After President Bush signed into law this week the $388 billion Consolidated Appropriation Act of 2005, the U.S. Army Corps of Engineers said it would begin planning to start the $150.5 million Columbia River navigation channel dredging project next summer.

The Corps said it will award the contract next spring to dredge 15 miles of channel from river mile 3 in the lower Columbia River estuary.

At the same time, the sponsoring ports said they would begin dredging work on the upper 10 miles of the project near the ports of Portland and Vancouver, using non-federal funds. They would use a Port of Portland dredge to complete that work.

The appropriations bill for domestic spending includes $9 million to start a project that is intended to deepen by three feet 103 miles of the Columbia River shipping channel from Astoria to Portland. The bill falls short of the $15 million promised earlier this year by Bush and the lower amount will reduce proportionally what the states of Oregon and Washington can contribute to the project this year.

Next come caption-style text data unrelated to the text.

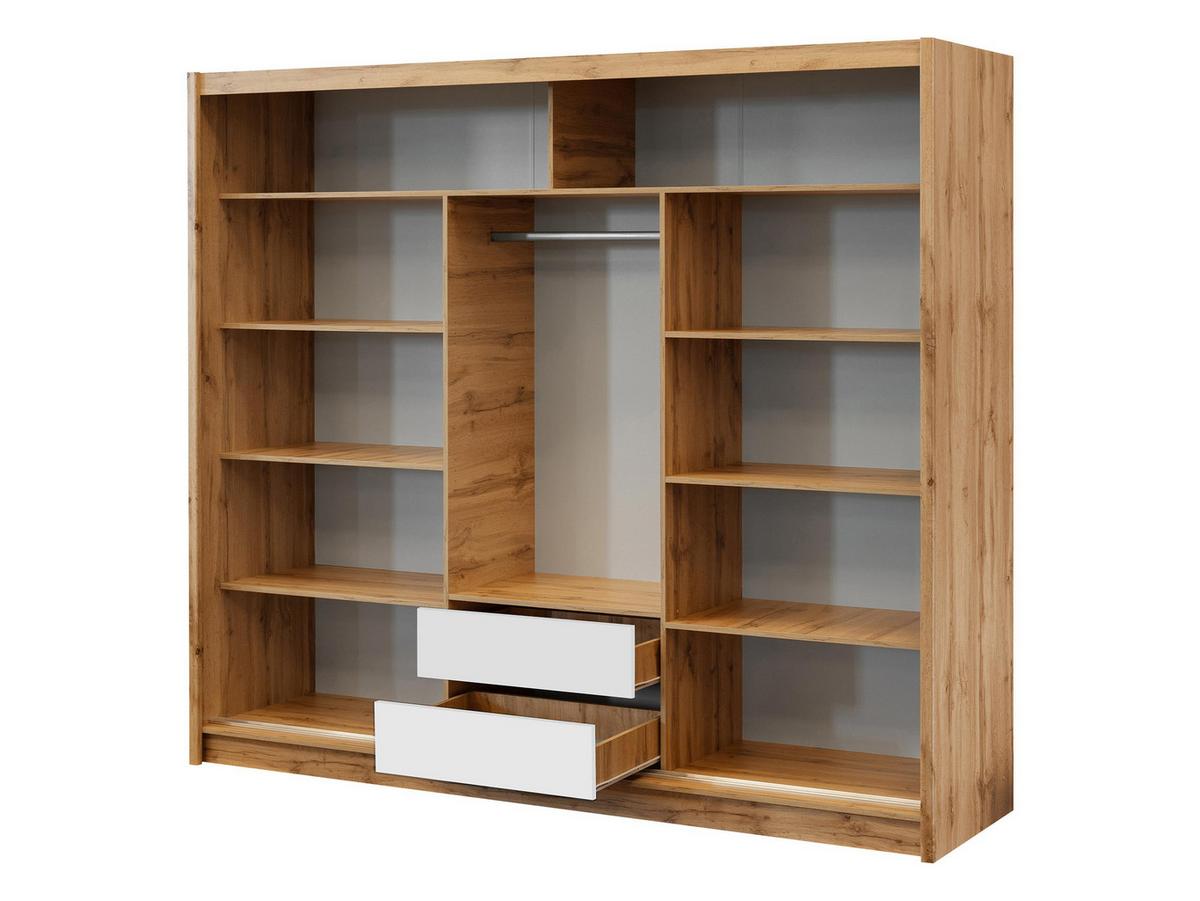 SCHIEBETÜRENSCHRANK London 250 - Eiche Wotan/Weiß, Holzwerkstoff (250/215/60cm) - MIRJAN24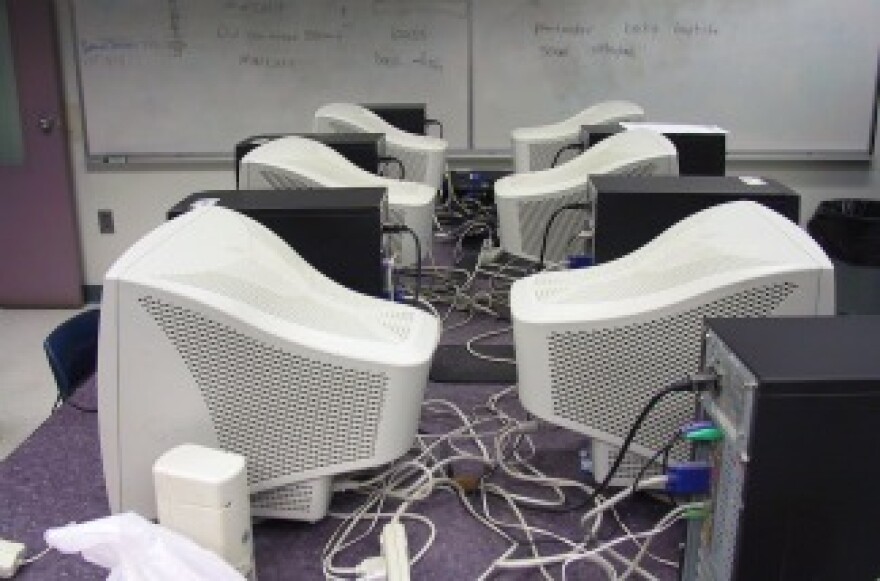 A school computer lab.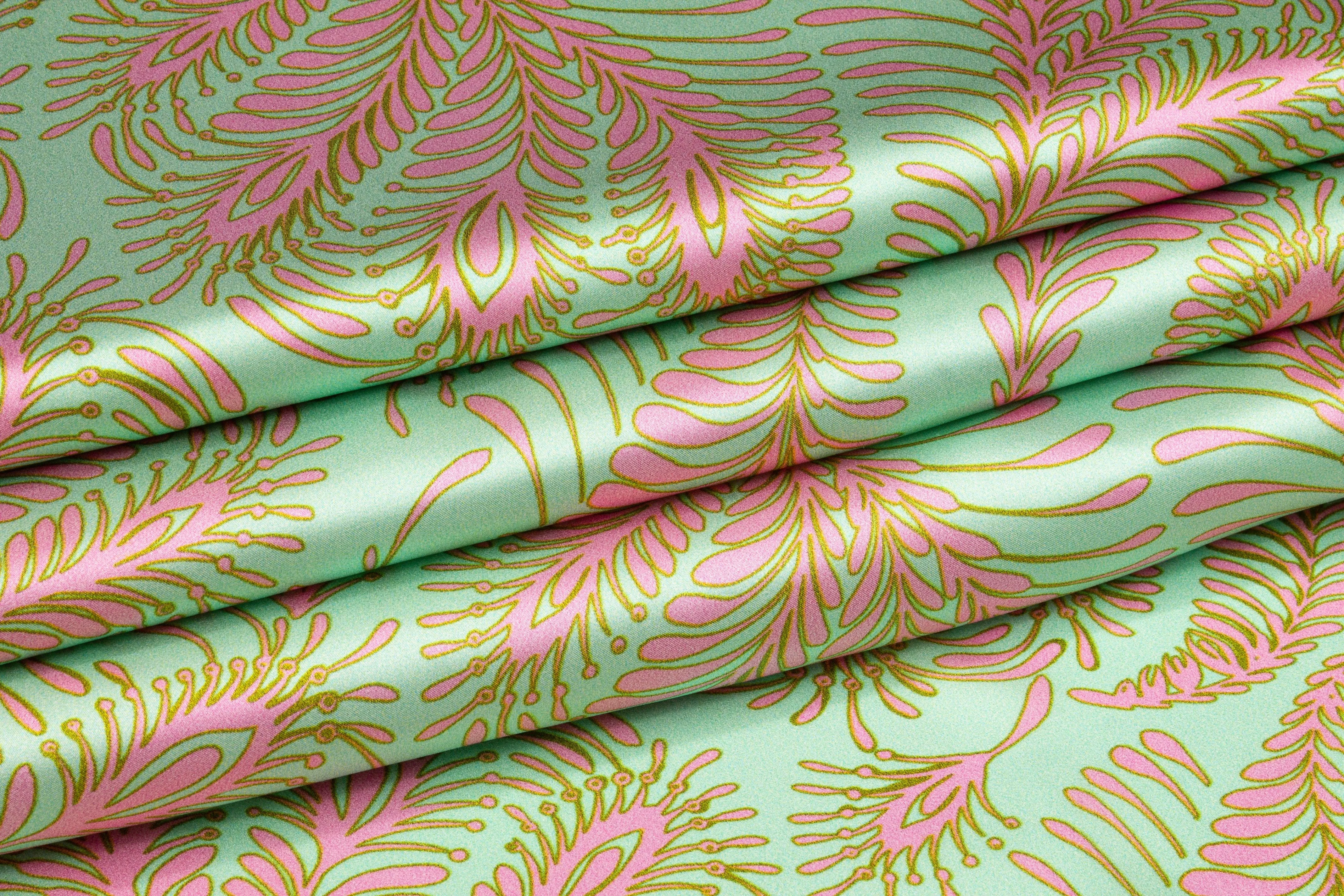 Abstract Italian Silk Charmeuse - Mint Green and Pink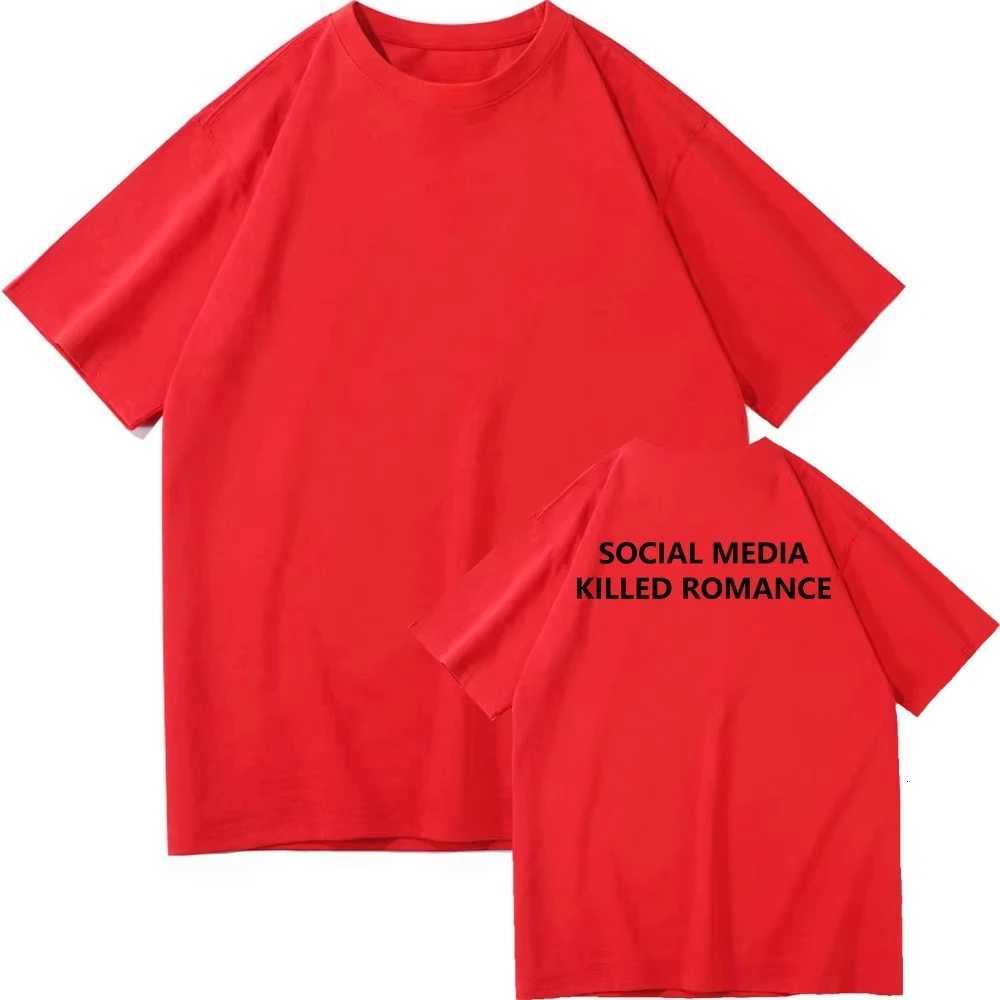 Social Media Killed Romance Letter Print TShirt T Shirt Men Aesthetic Valentines Unisex High Quality Couple Cotton Tees ShirtsXJ251023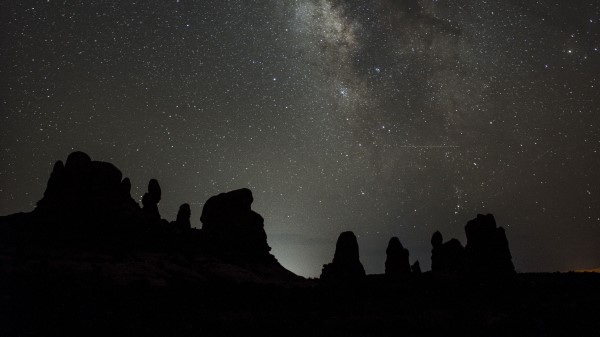 Starry Sky Milky Way Mountains Image wallpaper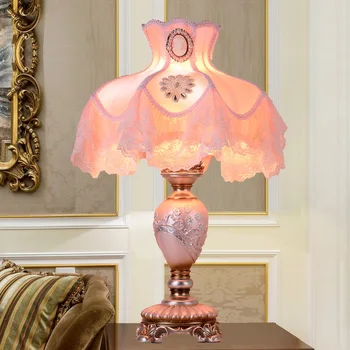 Europska Koreja Pastoralna Pink Princess Čipke Topla Soba Kreativno Noćni Lampe Za Vjenčanje Svečanosti Stolne Svjetiljke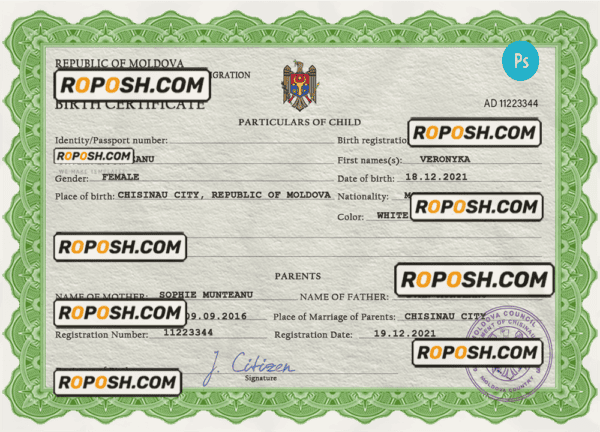 Moldova vital record birth certificate PSD template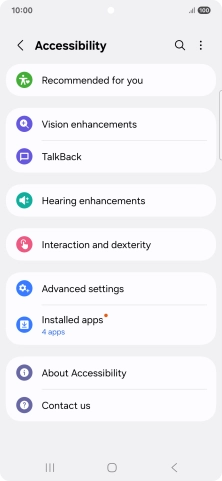 Press Vision enhancements and follow the instructions on the screen to select the required settings.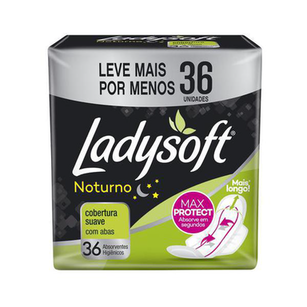 Imagem do produto Absorvente Ladysoft Noturno Com Abas Cobertura Seca 36 Unidades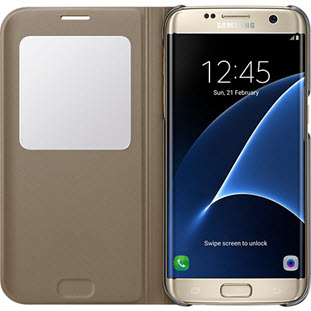 Фото товара Samsung S-View Cover книжка с окошком для Galaxy S7 Edge (EF-CG935PFEGRU, золотой)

"The decision to start dredging work this summer demonstrates their commitment to this vital project," Sen. Patty Murray, D-WA, said of the Corps. "Thousands of businesses and jobs rely on the Columbia River's ability to accommodate modern ships with deeper drafts. I'm looking forward to working with my congressional colleagues on both sides of the aisle to secure the additional funding required in Fiscal Year 2006 to keep this project on track."

The actual appropriation will be between $8 and $8.5 million, said the Corps' Matt Rabe. That's due to a provision Congress uses when appropriating money called savings and slippage in which a portion -- up to 10 percent -- is held back.

Still, Rabe estimates the Corps could begin the project with $10 to $12 million of congressionally appropriated money, which includes some money appropriated in previous years. The Corps can also take a disbursement off of the states' contribution in proportion to what the Corps spends.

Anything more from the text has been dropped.